### [PROBLEM REQUIREMENTS]
Below are entries. Give back exactly the lines from the one containing "ZUN XTP003 Assembled" through the one containing "秋刀魚の塩焼き定食|ホッシーさん", inclusive, without the pictures.
-------- DATASET CONTENT --------
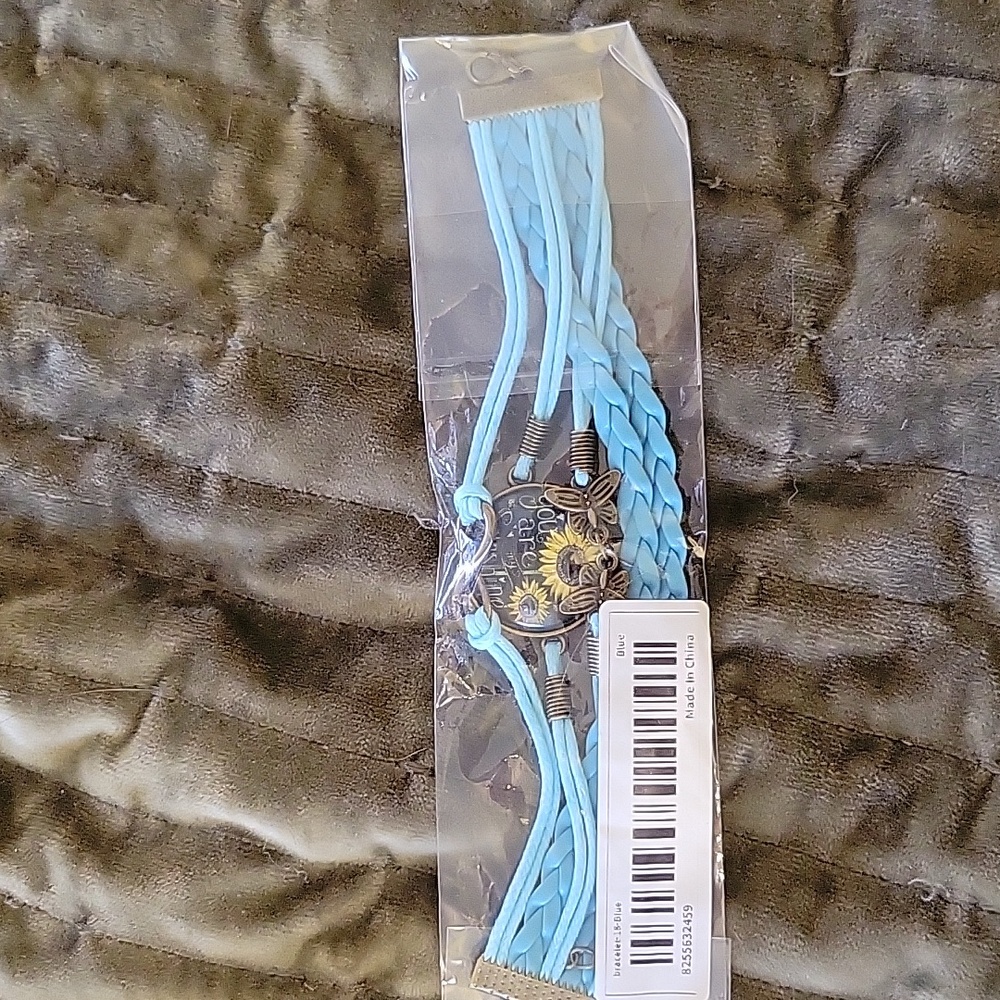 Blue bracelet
--------
-------- DATASET CONTENT --------
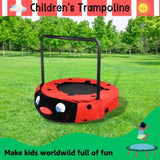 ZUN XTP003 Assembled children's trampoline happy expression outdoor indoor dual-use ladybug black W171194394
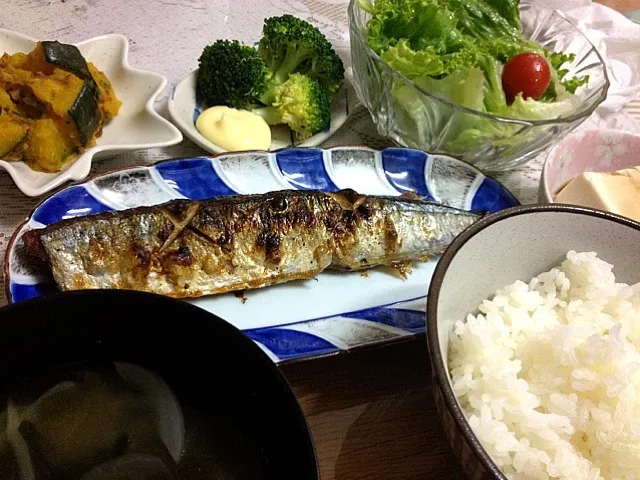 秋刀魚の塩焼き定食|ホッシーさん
--------
### [OUTPUT OF THE EXERCISE]
 ZUN XTP003 Assembled children's trampoline happy expression outdoor indoor dual-use ladybug black W171194394
 秋刀魚の塩焼き定食|ホッシーさん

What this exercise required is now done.